Genauer Beobachter menschlicher Beziehungen: Jacques Becker

Jacques Becker, 1906 geboren und 1960 im Alter von 53 Jahren verstorben, revolutionierte mit seinen 14 Filmen das Kino nicht, gehörte weder einer Bewegung an noch wurde er zur Leitfigur für Jüngere. Selten werden seine Filme heute gespielt, sein Name ist fast nur Insidern bekannt und dennoch zählt der Franzose zu den großen Regisseuren des Weltkinos. – Das Filmpodium Zürich widmet Becker derzeit eine Retrospektive.

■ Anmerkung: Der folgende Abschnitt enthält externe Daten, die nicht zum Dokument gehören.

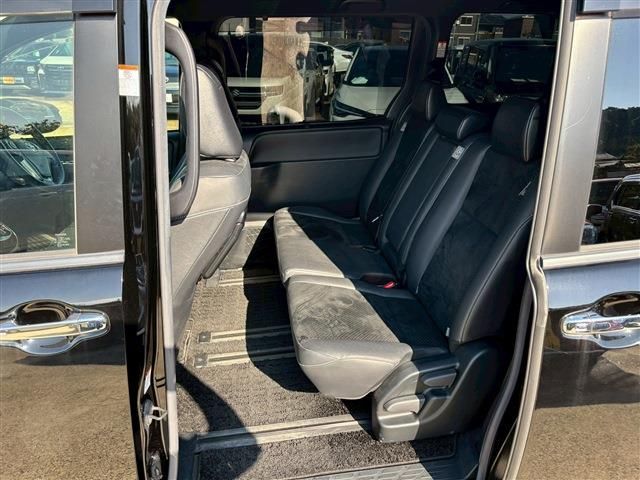 TOYOTA VOXY 2020 Image 31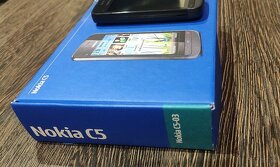 Nokia C5 , 5230 navi - 5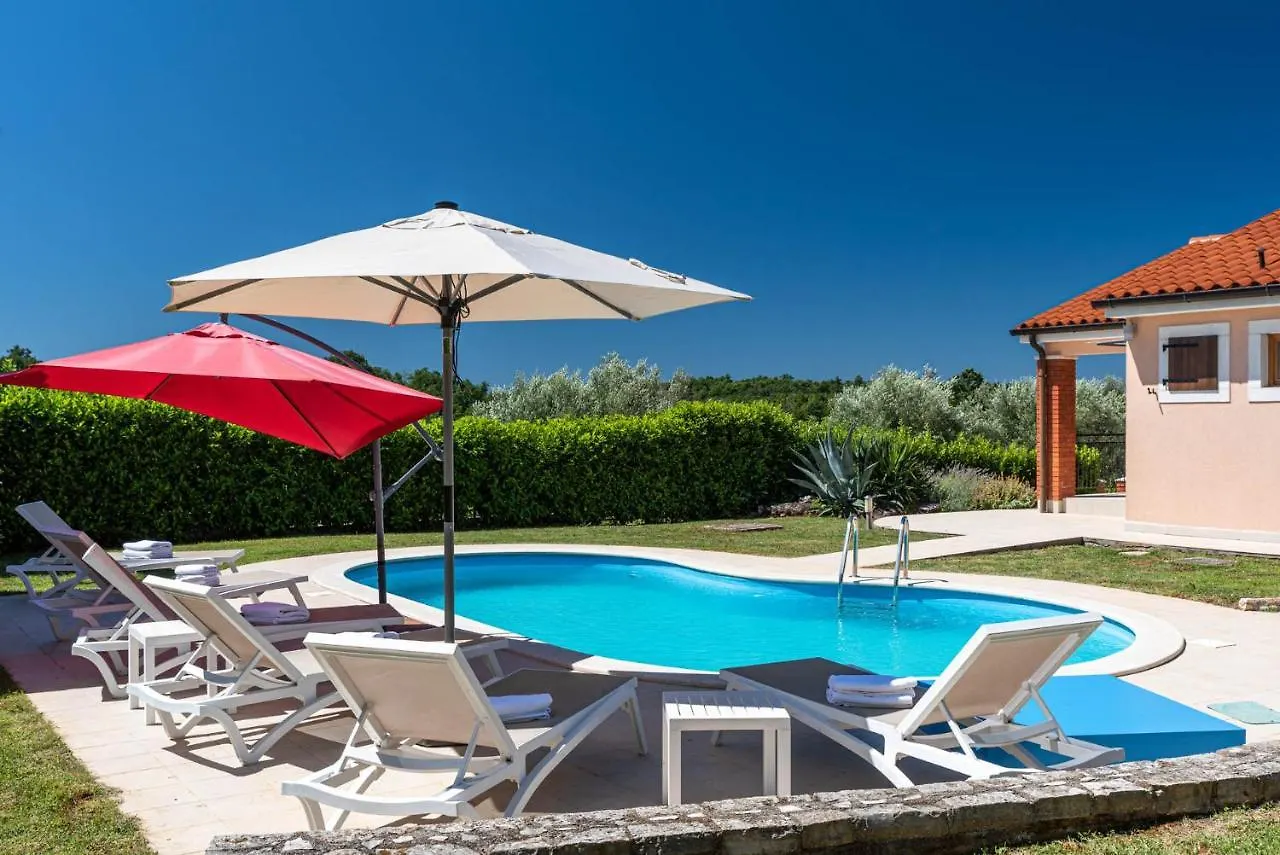 Appartement Villas Kolumbera With Private Pools Kroatië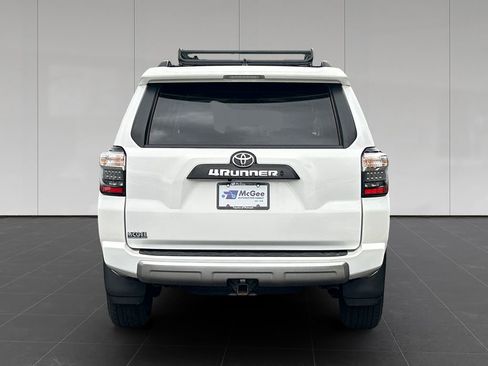 Used 2024 Toyota 4Runner TRD Off-Road Premium w/ Moonroof Package AWD/4WD image 4
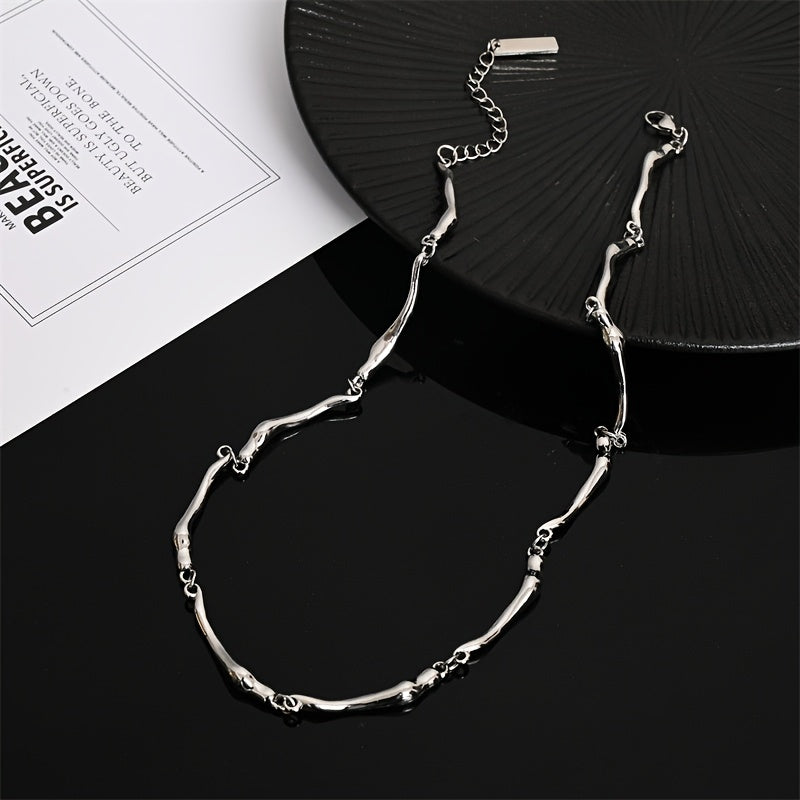 White gold necklace with an interwoven wave motif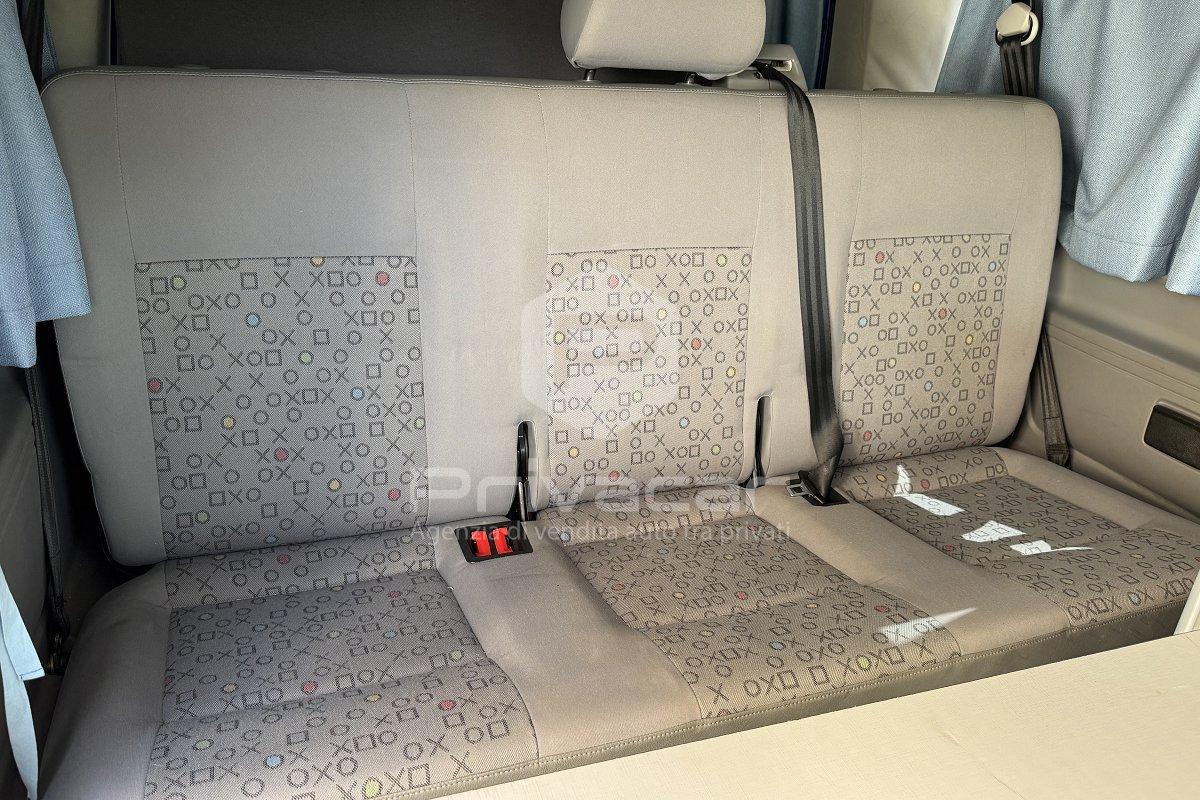 VOLKSWAGEN Caravelle 2.5 TDI/130CV PC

Durch Zufall kam der am 15. September 1906 in Paris geborene Jacques Becker zum Film. Als Angestellter einer Reederei lernte er bei einer Atlantiküberquerung den amerikanischen Regisseur King Vidor kennen, der den jungen Franzosen für den Film begeisterte. Ab 1932 arbeitete er als Assistent für Jean Renoir, ehe er 1939 seinen ersten Spielfilm drehen sollte. Der Kriegsausbruch unterbrach aber die Dreharbeiten an "L´or du Cristobal", der schließlich von Jean Stelli fertiggestellt wurde.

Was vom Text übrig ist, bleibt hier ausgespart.